We would like to evaluate the degrees of freedom on a given function in 
ffc. In order to do that with relative easy, it would be very handy if 
we could extend the current information about the dual bases in FIAT.

We were thinking that if we could represent functionals in terms of 
three attributes, 'points', 'components' and 'weights', then it would be 
very easy to generate code for the evaluation of these in ffc.

Some examples for the motivation for the choice of representation

   Example 1: L = Point evaluation at component k:

      weights = [1]
      components = [k]
      points = [p_0]

   Then given a function f, we want

      L(f) = 1*f[k](p_0)

   Example 2: L = Normal component at diagonal edge:

      weights = [1, 1]
      components = [0, 1]
      points  = [p]

   Then

      L(f) = [1, 1]*(f[0](p), f[1](p)) = 1*f[0](p) + 1*f[1](p)

   Example 3: L = Integral over interior of component k:

      weights, points = make_quadrature(...)
      components = [k]

      L(f) = [w_0, ... w_m] (f[k](p_0), .... ,f[k](p_m))
           = sum_j w_j f[k](p_j)


Maybe the finite elements/dual bases in FIAT could supply this 
information in addition to the 'entity_ids'?

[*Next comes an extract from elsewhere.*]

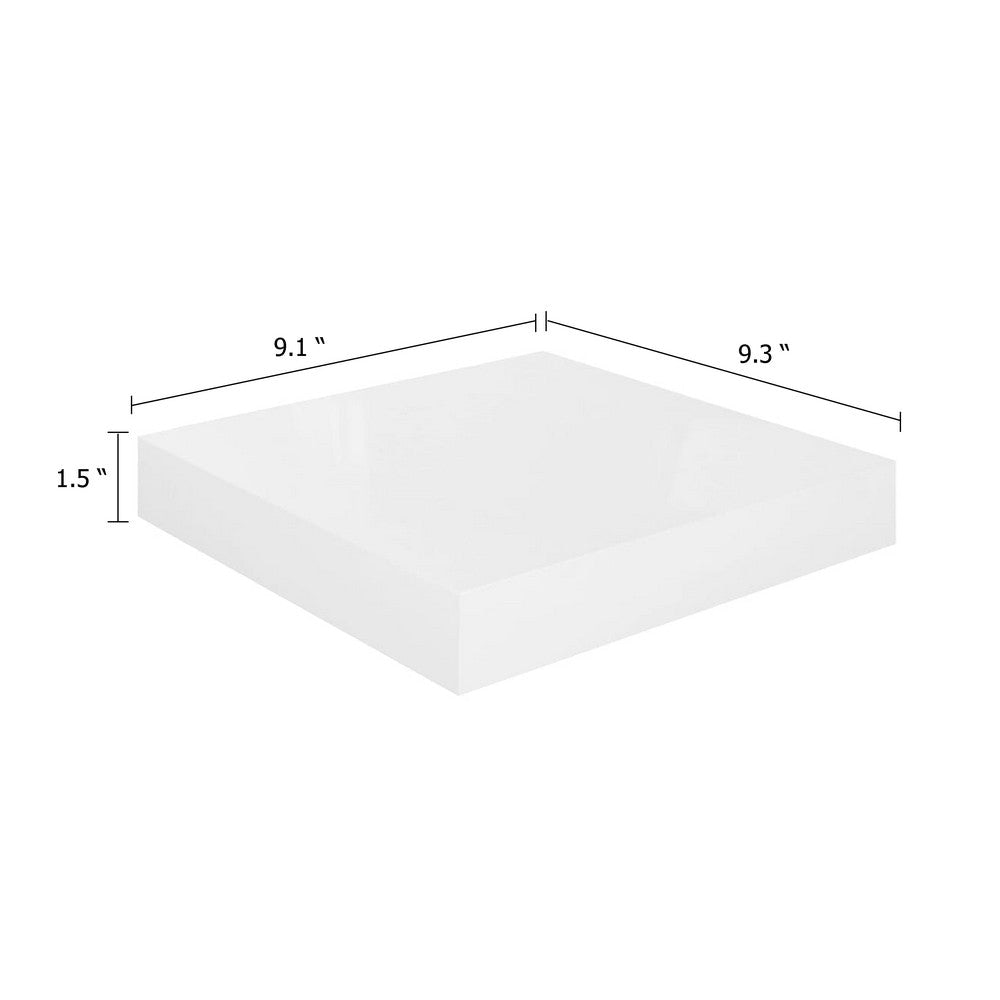 Hannah Floating Wall Shelf Set of 2 | 9x9’’ High gloss White Honeycomb | Metal BM339715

I was thinking something along the lines of letting the Functional class 
have the additional attributes, and initializing these when constructing 
the dual bases.

If there are some attributes that don't apply (such as weights and 
component for scalar Lagrange elements), these could of course be left 
empty.

How does this sound?

--
Marie E. Rognes
Ph.D Fellow, 
Centre of Mathematics for Applications, 
University of Oslo
http://folk.uio.no/meg